They had stripped him to the waist, spread his arms wide and fixed him to a cross-shaped alloy spar. His legs were bound together, but a nail had been driven through the wrist of his right hand (not the palm; that was a detail the stigma-inducing virus got wrong) and a much larger piece of metal had been rammed through the upper part of his severed left arm. These details, and the expression of numb agony on Haussmann’s face, had been rendered mercifully indistinct by the encasing process. But while it was not really possible to read his features, every nuance of his pain was written into the arc of his neck; the way his jaw was clenched as if in the throes of electrocution. They should have electrocuted him, I thought. It would have been kinder, no matter the crimes he had committed.

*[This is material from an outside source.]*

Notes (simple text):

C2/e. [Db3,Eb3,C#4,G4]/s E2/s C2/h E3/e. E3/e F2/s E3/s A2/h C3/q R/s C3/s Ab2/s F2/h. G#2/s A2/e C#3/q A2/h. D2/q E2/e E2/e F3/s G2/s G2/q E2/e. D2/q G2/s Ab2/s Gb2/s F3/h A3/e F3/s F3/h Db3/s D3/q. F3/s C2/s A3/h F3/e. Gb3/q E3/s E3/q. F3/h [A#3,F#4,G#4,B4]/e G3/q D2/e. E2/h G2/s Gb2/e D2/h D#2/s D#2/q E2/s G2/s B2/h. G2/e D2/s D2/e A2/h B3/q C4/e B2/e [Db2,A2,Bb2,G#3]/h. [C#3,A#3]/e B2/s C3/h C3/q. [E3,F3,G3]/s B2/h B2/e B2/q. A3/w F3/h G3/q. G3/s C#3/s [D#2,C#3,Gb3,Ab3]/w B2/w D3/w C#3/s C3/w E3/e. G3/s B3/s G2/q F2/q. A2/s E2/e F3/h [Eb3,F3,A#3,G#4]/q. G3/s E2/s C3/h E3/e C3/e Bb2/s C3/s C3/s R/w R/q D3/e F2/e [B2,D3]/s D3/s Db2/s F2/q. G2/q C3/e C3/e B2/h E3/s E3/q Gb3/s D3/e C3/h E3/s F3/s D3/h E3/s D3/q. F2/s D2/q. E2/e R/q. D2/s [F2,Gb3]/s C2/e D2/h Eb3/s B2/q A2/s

But that would have been too simple. They were not just executing a man who had done terrible things, but glorifying a man who had also given them a whole world. In crucifying him, they were showing their adoration as fervently as their hate.

It had been like that ever since.

The elevator tracked past Sky, coming within metres of him, and I felt myself flinching; wishing that we could be clear of him as quickly as possible. It was as if the vast space was an echo chamber, reverberating with endless pain.

My palm itched. I rubbed it against the hand-rail, closing my eyes until we were free of the anchorpoint terminal; rising through night.


“More wine, Mr Mirabel?” asked the foxlike wife of the aristocrat sitting opposite me.

“No,” I said, dabbing my lips politely with the napkin. “If you don’t mind, I’ll retire. I’d like to watch the view while we climb.”

“That’s a shame,” the woman said, pursing her own lips in a pout of disappointment.

“Yes,” said her husband. “We’ll miss your stories, Tanner.”

I smiled. In truth, I’d done little more than grimace my way through an hour of stilted smalltalk while we dined. I had salted the conversation with the odd anecdote now and then, but only to fill the awkward silences which fell across the table when one or other of the participants made what might, within the ever-shifting loom of aristocratic etiquette, be construed as an indelicate remark. More than once I had to resolve arguments between the northern and southern factions, and in the process of doing so I had become the group’s default speaker. My disguise must not have been absolutely convincing, for even the northeners seemed to realise that there was not automatically any affiliation between me and the southerners.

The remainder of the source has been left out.